## WHAT NEEDS TO BE DONE
Output all the entries word for word. Omit the pictures.

## THE DATA
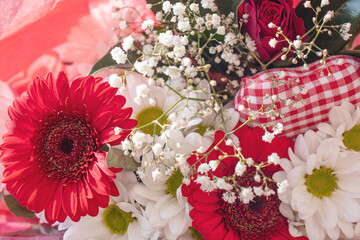 bouquet with red flowers close-up
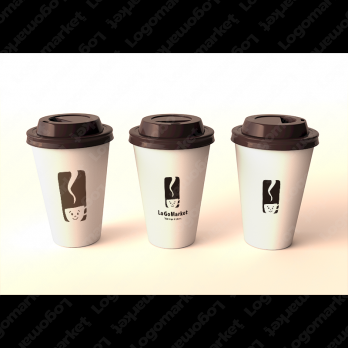 カフェとコーヒーとレトロのロゴ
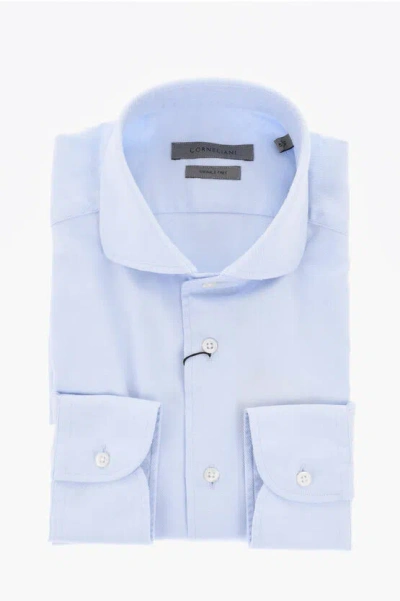 Corneliani Wrinkle-free Cotton Shirt With French Collar In Blue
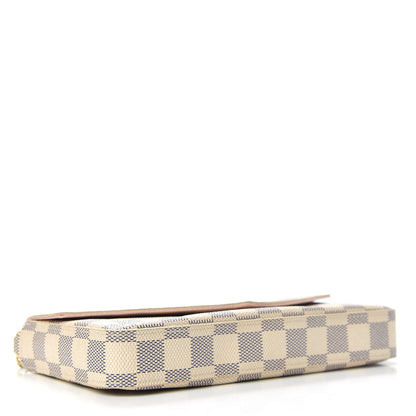 Louis Vuitton Damier Azur Pochette Felicie Chain Wallet Rose Ballerine 5 of 8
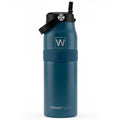 32 oz Insulated Water Bottle with Straw, Leakproof Stainless Steel Bottle with Handle, Non-Slip Silicone Sleeve, Internal Markings, Dishwasher Safe for Travel, Gym, Sports, Matte Navy - color: Matte Navy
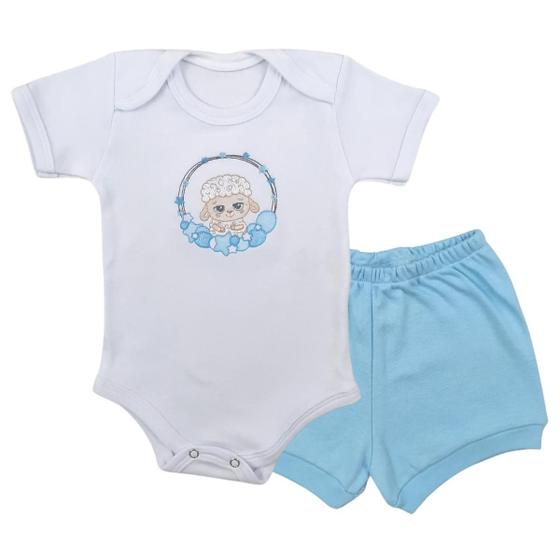 Imagem de Conjunto Roupa Bebê Menina Menino Body Ovelhinha Safari e Short Tapa Fralda Infantil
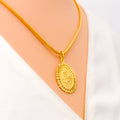 Opulent Glowing Oval 22k Gold Allah Pendant 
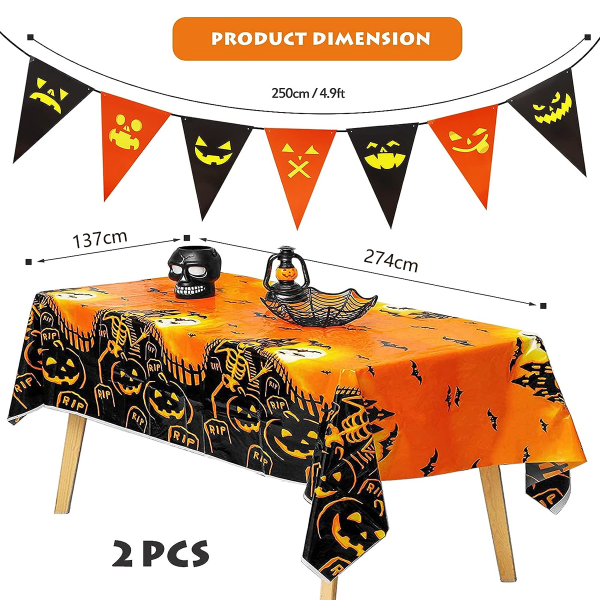 Halloween-bordsduk, 2-pack 54'' x108” engångsbord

## RESULT BELOW
 bouquet with red flowers close-up
 カフェとコーヒーとレトロのロゴ
 Corneliani Wrinkle-free Cotton Shirt With French Collar In Blue
 Louis Vuitton Damier Azur Pochette Felicie Chain Wallet Rose Ballerine 5 of 8
 32 oz Insulated Water Bottle with Straw, Leakproof Stainless Steel Bottle with Handle, Non-Slip Silicone Sleeve, Internal Markings, Dishwasher Safe for Travel, Gym, Sports, Matte Navy - color: Matte Navy
 Imagem de Conjunto Roupa Bebê Menina Menino Body Ovelhinha Safari e Short Tapa Fralda Infantil
 Opulent Glowing Oval 22k Gold Allah Pendant 
 Halloween-bordsduk, 2-pack 54'' x108” engångsbord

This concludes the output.